## DATA EXTRACT
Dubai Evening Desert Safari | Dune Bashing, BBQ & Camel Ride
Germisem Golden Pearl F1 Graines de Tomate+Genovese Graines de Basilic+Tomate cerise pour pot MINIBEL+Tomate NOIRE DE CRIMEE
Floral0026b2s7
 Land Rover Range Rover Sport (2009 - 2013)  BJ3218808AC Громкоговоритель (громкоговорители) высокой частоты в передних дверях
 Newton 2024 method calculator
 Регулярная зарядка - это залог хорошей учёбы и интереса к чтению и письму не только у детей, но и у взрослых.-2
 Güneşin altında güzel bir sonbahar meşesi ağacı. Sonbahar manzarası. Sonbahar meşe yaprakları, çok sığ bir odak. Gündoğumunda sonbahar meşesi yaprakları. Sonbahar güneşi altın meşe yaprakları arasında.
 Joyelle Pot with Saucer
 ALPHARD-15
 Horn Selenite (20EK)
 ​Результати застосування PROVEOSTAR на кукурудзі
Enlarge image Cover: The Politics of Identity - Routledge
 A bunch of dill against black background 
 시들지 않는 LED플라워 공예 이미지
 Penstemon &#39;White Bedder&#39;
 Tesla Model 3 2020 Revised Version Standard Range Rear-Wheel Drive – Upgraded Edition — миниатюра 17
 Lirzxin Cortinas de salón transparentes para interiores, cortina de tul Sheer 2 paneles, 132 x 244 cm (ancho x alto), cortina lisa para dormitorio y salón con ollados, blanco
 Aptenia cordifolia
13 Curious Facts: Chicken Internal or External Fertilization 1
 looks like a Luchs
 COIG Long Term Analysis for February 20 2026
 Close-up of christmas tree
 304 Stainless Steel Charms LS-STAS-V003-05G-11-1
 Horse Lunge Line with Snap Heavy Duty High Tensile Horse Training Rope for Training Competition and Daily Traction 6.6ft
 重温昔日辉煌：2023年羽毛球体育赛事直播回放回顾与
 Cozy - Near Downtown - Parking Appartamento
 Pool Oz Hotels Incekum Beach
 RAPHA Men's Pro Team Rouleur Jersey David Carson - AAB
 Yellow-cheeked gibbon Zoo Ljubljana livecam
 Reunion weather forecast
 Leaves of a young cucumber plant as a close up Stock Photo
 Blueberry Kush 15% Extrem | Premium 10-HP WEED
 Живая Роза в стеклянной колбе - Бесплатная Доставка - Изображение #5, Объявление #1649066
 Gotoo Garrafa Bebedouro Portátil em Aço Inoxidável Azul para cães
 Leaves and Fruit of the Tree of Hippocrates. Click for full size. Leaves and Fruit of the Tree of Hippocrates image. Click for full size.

## WHAT YOU HAVE TO DO
Please print the whole of the material verbatim.

## SOLUTION FOR THIS PROBLEM
Dubai Evening Desert Safari | Dune Bashing, BBQ & Camel Ride
Germisem Golden Pearl F1 Graines de Tomate+Genovese Graines de Basilic+Tomate cerise pour pot MINIBEL+Tomate NOIRE DE CRIMEE
Floral0026b2s7
 Land Rover Range Rover Sport (2009 - 2013)  BJ3218808AC Громкоговоритель (громкоговорители) высокой частоты в передних дверях
 Newton 2024 method calculator
 Регулярная зарядка - это залог хорошей учёбы и интереса к чтению и письму не только у детей, но и у взрослых.-2
 Güneşin altında güzel bir sonbahar meşesi ağacı. Sonbahar manzarası. Sonbahar meşe yaprakları, çok sığ bir odak. Gündoğumunda sonbahar meşesi yaprakları. Sonbahar güneşi altın meşe yaprakları arasında.
 Joyelle Pot with Saucer
 ALPHARD-15
 Horn Selenite (20EK)
 ​Результати застосування PROVEOSTAR на кукурудзі
Enlarge image Cover: The Politics of Identity - Routledge
 A bunch of dill against black background 
 시들지 않는 LED플라워 공예 이미지
 Penstemon &#39;White Bedder&#39;
 Tesla Model 3 2020 Revised Version Standard Range Rear-Wheel Drive – Upgraded Edition — миниатюра 17
 Lirzxin Cortinas de salón transparentes para interiores, cortina de tul Sheer 2 paneles, 132 x 244 cm (ancho x alto), cortina lisa para dormitorio y salón con ollados, blanco
 Aptenia cordifolia
13 Curious Facts: Chicken Internal or External Fertilization 1
 looks like a Luchs
 COIG Long Term Analysis for February 20 2026
 Close-up of christmas tree
 304 Stainless Steel Charms LS-STAS-V003-05G-11-1
 Horse Lunge Line with Snap Heavy Duty High Tensile Horse Training Rope for Training Competition and Daily Traction 6.6ft
 重温昔日辉煌：2023年羽毛球体育赛事直播回放回顾与
 Cozy - Near Downtown - Parking Appartamento
 Pool Oz Hotels Incekum Beach
 RAPHA Men's Pro Team Rouleur Jersey David Carson - AAB
 Yellow-cheeked gibbon Zoo Ljubljana livecam
 Reunion weather forecast
 Leaves of a young cucumber plant as a close up Stock Photo
 Blueberry Kush 15% Extrem | Premium 10-HP WEED
 Живая Роза в стеклянной колбе - Бесплатная Доставка - Изображение #5, Объявление #1649066
 Gotoo Garrafa Bebedouro Portátil em Aço Inoxidável Azul para cães
 Leaves and Fruit of the Tree of Hippocrates. Click for full size. Leaves and Fruit of the Tree of Hippocrates image. Click for full size.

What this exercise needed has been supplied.